TASK OBJECTIVE: Drop every image, then reproduce the data exactly as given.

DATA EXTRACT:
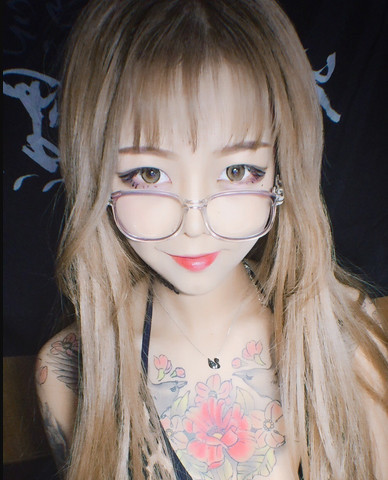 王逗逗的黑色玫瑰和顾茜茜的鸳鸯小鸟纹身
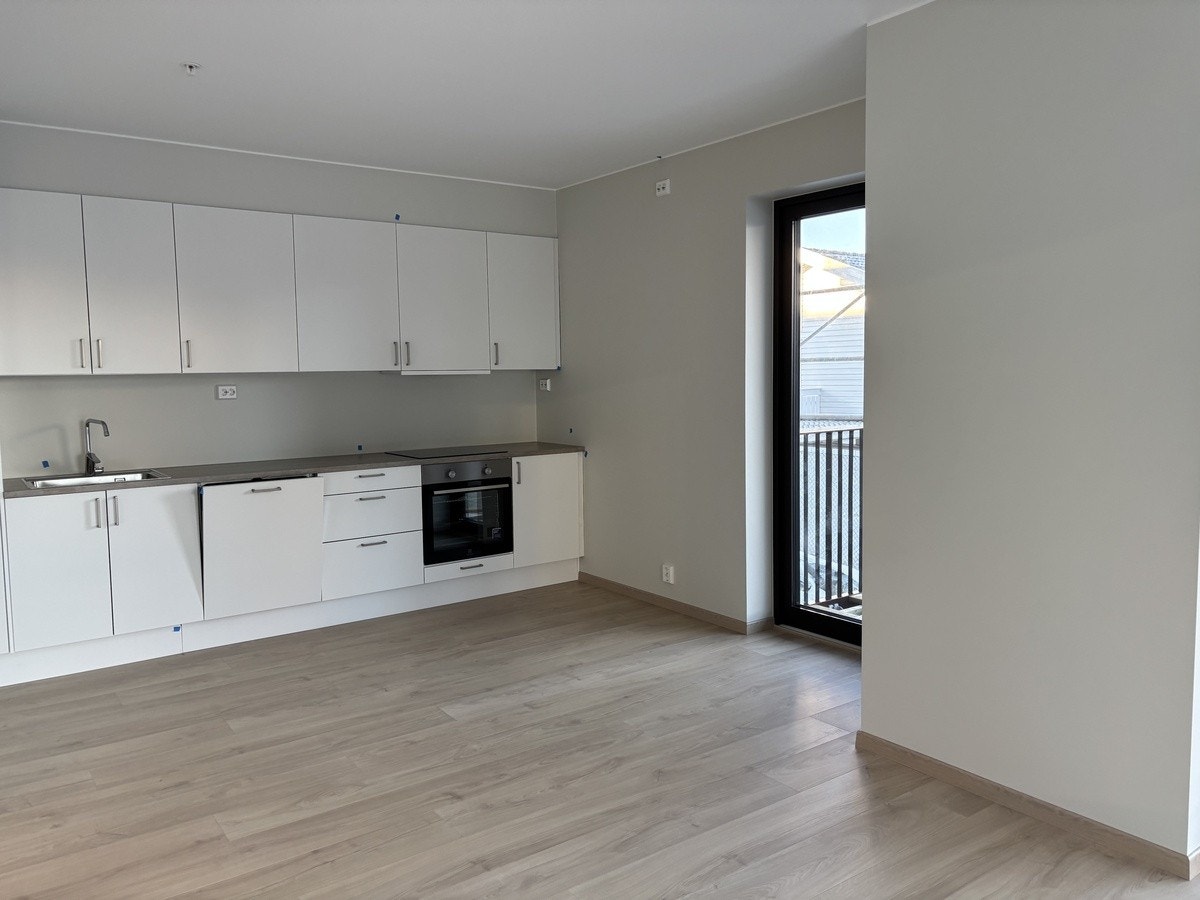 Kombinert kjøkken med oppholdsrom og utgang til stor balkong Galleribilde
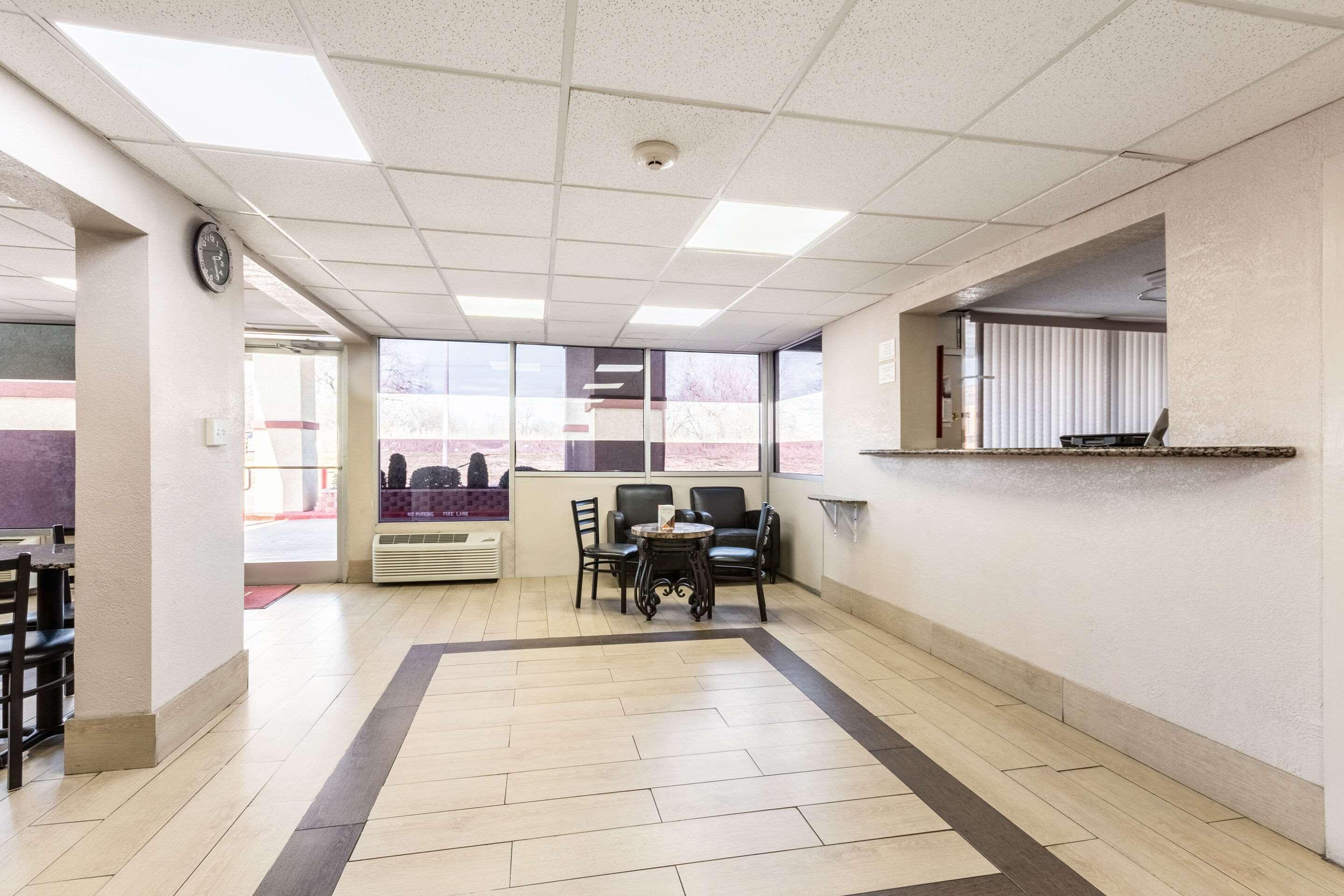 Econo Lodge Inn & Suites Near Bricktown — photo 4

TASK ANSWER:
 王逗逗的黑色玫瑰和顾茜茜的鸳鸯小鸟纹身
 Kombinert kjøkken med oppholdsrom og utgang til stor balkong Galleribilde
 Econo Lodge Inn & Suites Near Bricktown — photo 4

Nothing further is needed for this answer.